Dataset entries
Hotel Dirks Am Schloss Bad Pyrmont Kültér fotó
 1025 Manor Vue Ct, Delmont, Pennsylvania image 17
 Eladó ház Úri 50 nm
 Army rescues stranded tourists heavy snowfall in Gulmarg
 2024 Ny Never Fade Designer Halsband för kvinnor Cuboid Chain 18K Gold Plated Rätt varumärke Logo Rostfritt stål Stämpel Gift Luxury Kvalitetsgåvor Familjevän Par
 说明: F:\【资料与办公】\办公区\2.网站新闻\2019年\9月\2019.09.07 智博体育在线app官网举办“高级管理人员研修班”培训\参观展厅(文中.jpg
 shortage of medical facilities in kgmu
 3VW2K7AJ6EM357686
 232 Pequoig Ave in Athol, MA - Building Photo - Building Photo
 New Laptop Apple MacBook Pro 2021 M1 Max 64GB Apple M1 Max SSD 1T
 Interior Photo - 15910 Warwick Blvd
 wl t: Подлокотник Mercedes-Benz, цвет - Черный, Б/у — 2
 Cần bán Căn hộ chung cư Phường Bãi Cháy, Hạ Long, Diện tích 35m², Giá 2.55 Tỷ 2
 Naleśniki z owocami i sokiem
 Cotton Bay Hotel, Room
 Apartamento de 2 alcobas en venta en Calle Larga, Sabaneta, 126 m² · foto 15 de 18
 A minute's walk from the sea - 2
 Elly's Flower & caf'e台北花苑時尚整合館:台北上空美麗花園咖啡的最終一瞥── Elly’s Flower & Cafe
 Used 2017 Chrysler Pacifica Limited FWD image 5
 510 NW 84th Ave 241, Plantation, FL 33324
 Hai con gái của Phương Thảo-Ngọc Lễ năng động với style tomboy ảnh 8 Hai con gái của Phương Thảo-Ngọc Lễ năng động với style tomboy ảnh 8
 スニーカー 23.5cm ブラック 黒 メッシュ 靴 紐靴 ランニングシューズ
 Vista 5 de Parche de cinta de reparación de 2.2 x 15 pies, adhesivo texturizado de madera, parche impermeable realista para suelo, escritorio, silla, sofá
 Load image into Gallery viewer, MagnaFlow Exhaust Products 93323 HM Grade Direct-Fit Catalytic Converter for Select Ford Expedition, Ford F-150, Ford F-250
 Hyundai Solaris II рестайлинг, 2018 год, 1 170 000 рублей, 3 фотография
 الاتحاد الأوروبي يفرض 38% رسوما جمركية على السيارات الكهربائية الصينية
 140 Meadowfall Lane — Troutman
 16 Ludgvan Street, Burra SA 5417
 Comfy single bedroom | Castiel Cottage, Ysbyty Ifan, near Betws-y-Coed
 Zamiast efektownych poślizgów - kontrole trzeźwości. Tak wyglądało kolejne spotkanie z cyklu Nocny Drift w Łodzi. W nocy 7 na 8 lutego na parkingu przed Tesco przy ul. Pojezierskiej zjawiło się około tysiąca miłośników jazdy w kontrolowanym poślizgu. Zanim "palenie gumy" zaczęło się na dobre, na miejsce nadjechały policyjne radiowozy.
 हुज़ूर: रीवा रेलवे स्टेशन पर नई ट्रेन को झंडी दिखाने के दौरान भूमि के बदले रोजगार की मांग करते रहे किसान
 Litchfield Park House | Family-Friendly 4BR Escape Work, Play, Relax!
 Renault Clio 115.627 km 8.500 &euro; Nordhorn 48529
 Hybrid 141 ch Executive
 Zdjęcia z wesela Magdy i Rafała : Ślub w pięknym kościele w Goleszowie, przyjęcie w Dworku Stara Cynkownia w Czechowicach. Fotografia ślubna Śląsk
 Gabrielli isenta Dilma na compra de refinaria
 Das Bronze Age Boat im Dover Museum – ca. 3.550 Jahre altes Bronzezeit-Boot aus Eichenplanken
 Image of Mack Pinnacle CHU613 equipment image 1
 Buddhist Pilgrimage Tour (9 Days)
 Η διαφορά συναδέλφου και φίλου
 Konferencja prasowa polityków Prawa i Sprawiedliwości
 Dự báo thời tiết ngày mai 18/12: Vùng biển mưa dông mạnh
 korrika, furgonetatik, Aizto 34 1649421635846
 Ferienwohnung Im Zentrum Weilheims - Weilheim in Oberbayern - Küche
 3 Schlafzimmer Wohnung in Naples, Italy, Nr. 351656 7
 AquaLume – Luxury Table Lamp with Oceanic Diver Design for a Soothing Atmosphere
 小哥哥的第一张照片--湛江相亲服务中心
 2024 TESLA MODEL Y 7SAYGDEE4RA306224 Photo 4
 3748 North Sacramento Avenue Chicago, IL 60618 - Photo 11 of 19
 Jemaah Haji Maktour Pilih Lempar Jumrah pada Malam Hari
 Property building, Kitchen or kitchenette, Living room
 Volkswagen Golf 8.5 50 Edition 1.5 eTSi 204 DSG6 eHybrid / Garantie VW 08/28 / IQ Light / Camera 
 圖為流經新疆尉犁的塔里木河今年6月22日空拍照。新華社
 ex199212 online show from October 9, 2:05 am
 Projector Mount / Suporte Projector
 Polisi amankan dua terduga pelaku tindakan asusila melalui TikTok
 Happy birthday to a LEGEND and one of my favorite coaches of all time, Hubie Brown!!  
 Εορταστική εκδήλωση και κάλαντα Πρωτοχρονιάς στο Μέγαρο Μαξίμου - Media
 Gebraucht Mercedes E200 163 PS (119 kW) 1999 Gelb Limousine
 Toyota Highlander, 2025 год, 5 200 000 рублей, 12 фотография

◆ ABOUT THIS EXERCISE ◆
Find the lines in the records above that hold the word "Mercedes", and give only how many there are.

◆ ANSWER TO THIS PROBLEM ◆
2